▶ The problem
Please copy the data exactly as it stands, minus the images.

▶ Data under study
=-=-=-=-=

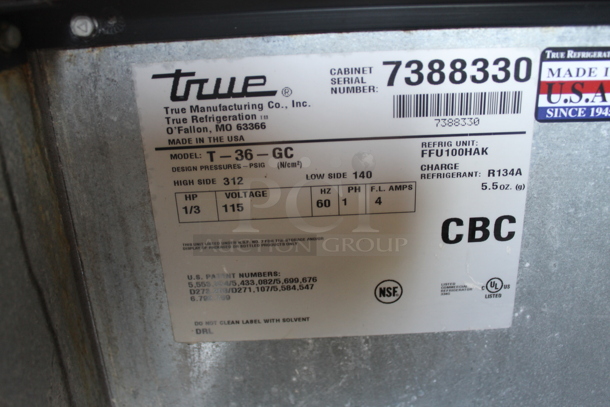2012 True T-36-GC Commercial Stainless Steel Electric One Section Glass Chiller With Polycoated Racks. 115V, 1 Phase. Tested and Working! - Image 4 of 7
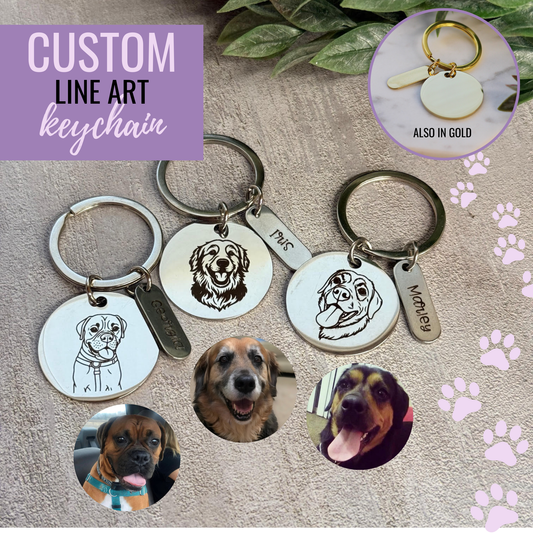 Custom pet keychains with line art and photo options on a textured surface with paw prints.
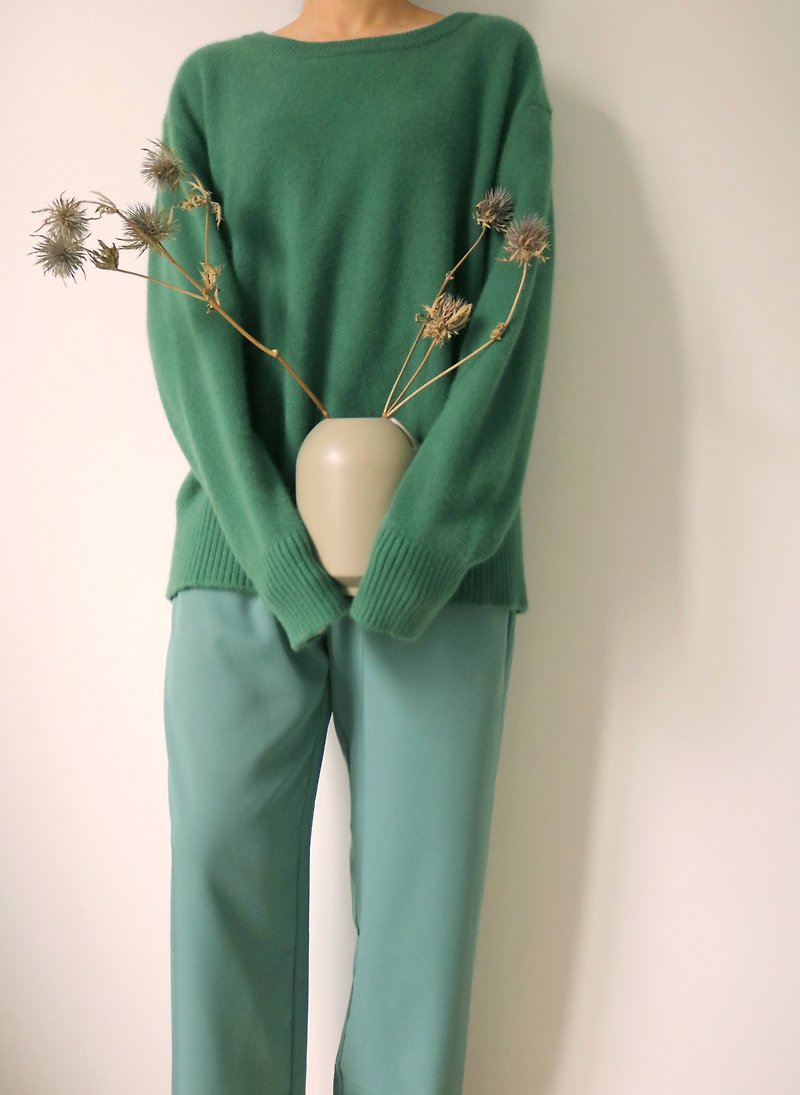 Seafoam Trousers Navy Blue Green Tencel High Waist Wide Pants - Women's Pants - Silk Green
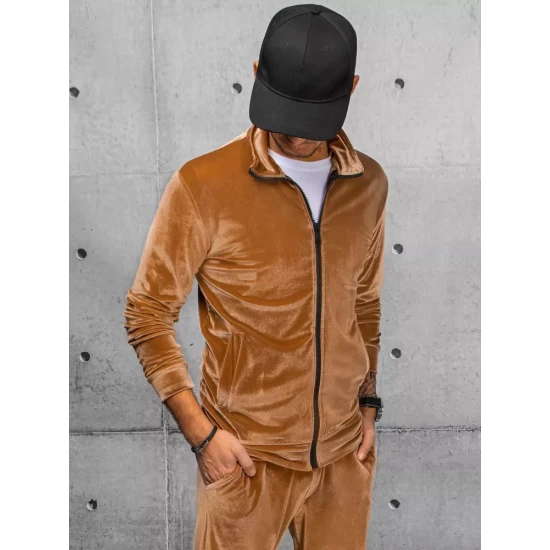 Vyriškas rudas veliūrinis džemperis Onil BX5539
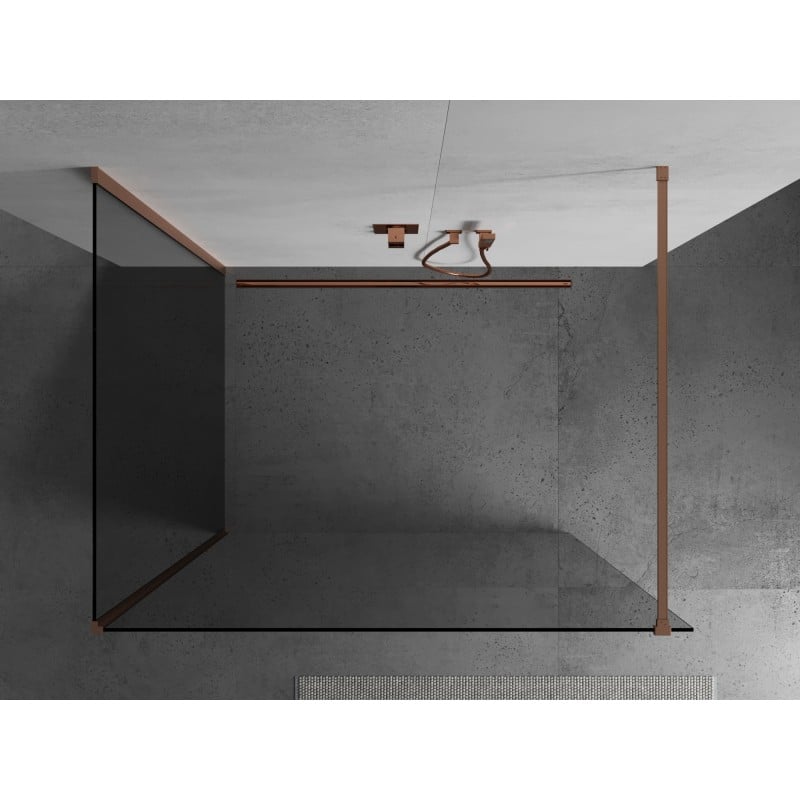 Mexen Kioto pannello doccia Walk-in 125 x 70 cm, trasparente, rame spazzolato - 800-125-212-65-00-070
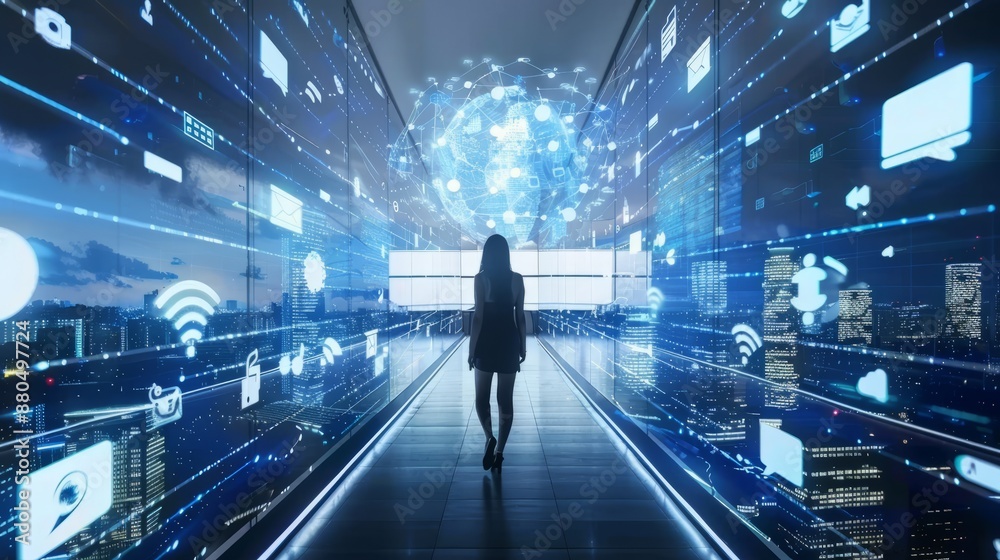 Poster digital transformation and iot in business: big data, cloud computing, ai technology, and smart indu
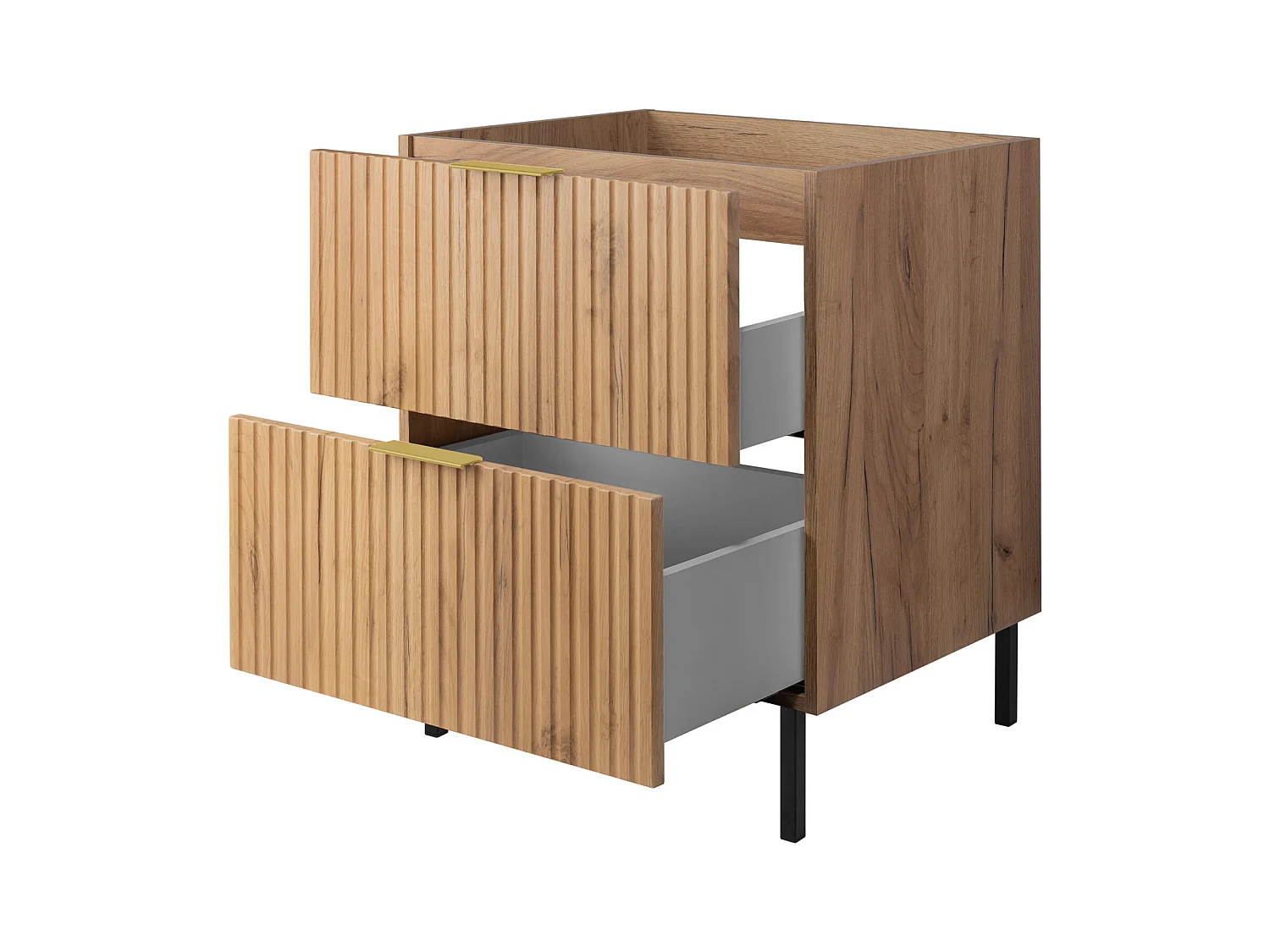 Meuble vasque, Chêne Craft, 60 x 77 x 46 cm, poignée dorée, pieds noirs, sans plateau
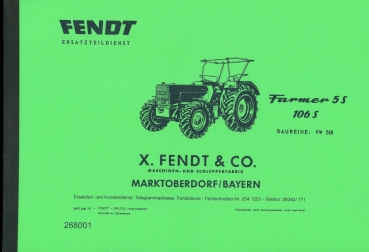 Ersatzteilliste für Fendt Typ Farmer 5S, 106 S, FW 268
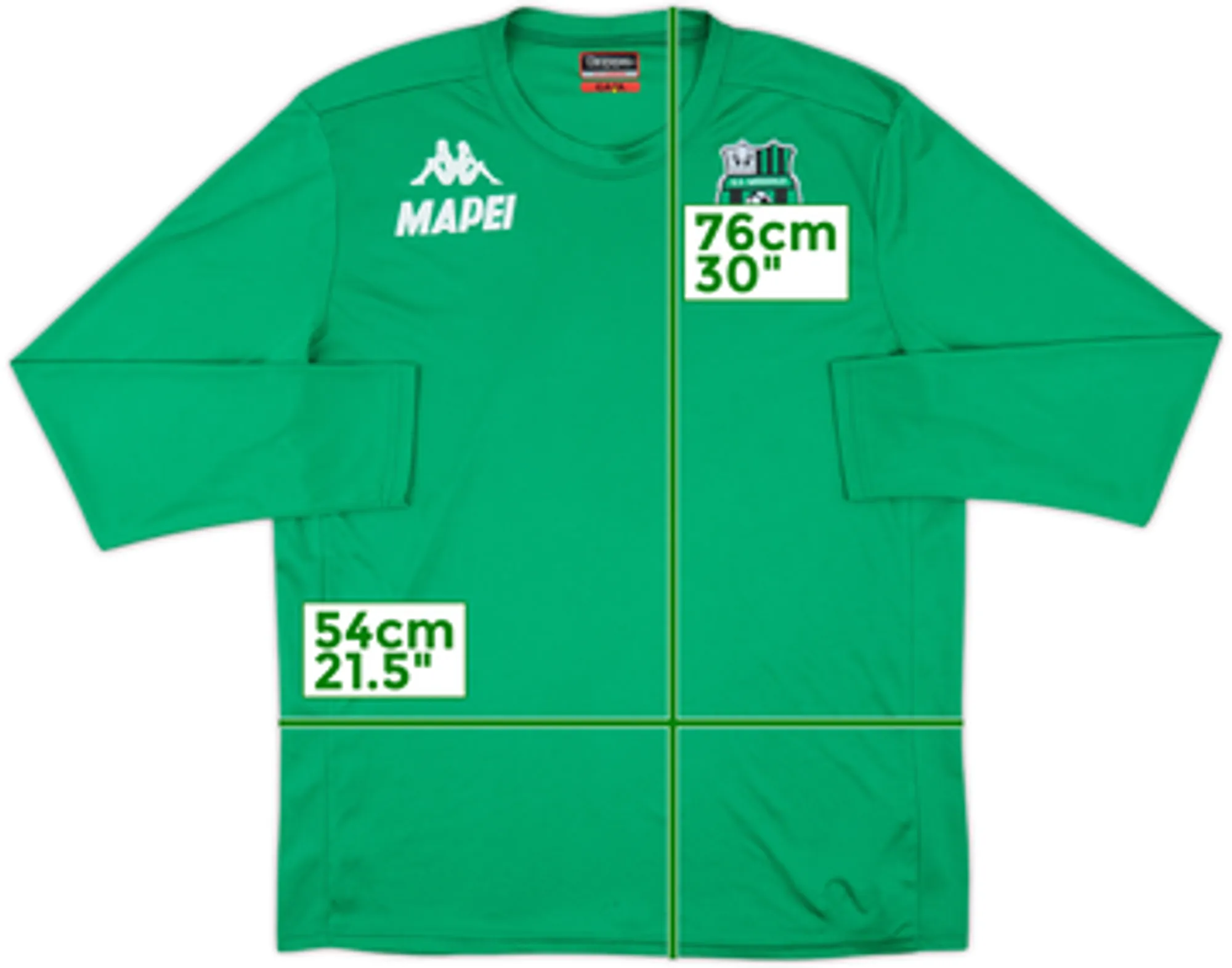 2017-18 Sassuolo Kappa Training L/S Shirt - 8/10 - (XL)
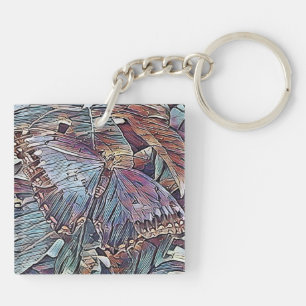 BUTTERFLIES ABSTRACT KEYCHAIN
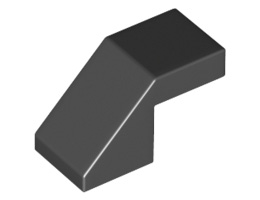Покривна плочка 1X2/45° без пъпки: {черен}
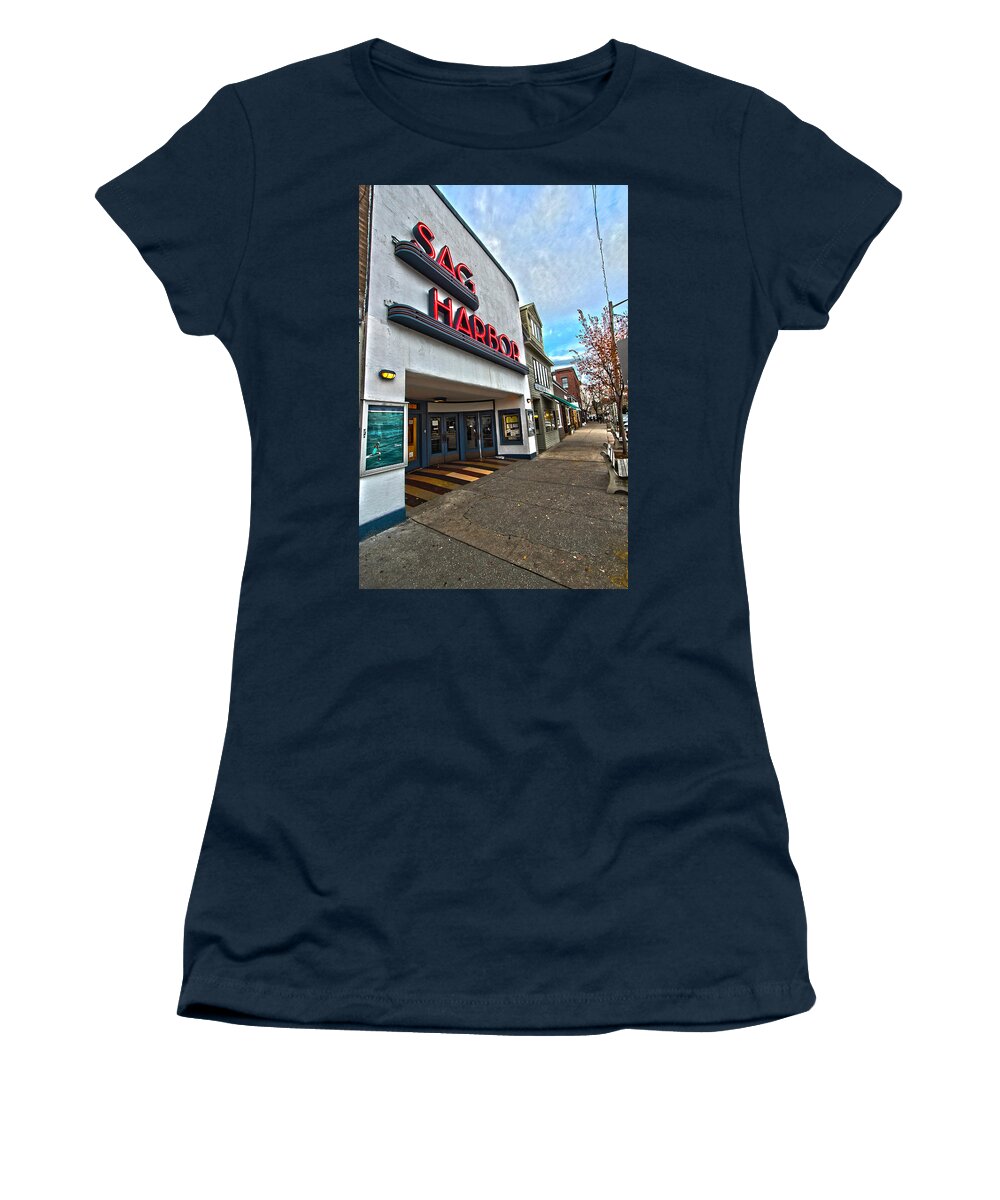 Sag Harbor Women's T-Shirt featuring the photograph Sag Harbor Theater by Robert Seifert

=-=-=-=-=

▶ Problem solution
2012 True T-36-GC Commercial Stainless Steel Electric One Section Glass Chiller With Polycoated Racks. 115V, 1 Phase. Tested and Working! - Image 4 of 7
 Custom pet keychains with line art and photo options on a textured surface with paw prints.
 Seafoam Trousers Navy Blue Green Tencel High Waist Wide Pants - Women's Pants - Silk Green
 Vyriškas rudas veliūrinis džemperis Onil BX5539
 Mexen Kioto pannello doccia Walk-in 125 x 70 cm, trasparente, rame spazzolato - 800-125-212-65-00-070
 Poster digital transformation and iot in business: big data, cloud computing, ai technology, and smart indu
 Meuble vasque, Chêne Craft, 60 x 77 x 46 cm, poignée dorée, pieds noirs, sans plateau
 Ersatzteilliste für Fendt Typ Farmer 5S, 106 S, FW 268
 2017-18 Sassuolo Kappa Training L/S Shirt - 8/10 - (XL)
 BUTTERFLIES ABSTRACT KEYCHAIN
Покривна плочка 1X2/45° без пъпки: {черен}
 Sag Harbor Women's T-Shirt featuring the photograph Sag Harbor Theater by Robert Seifert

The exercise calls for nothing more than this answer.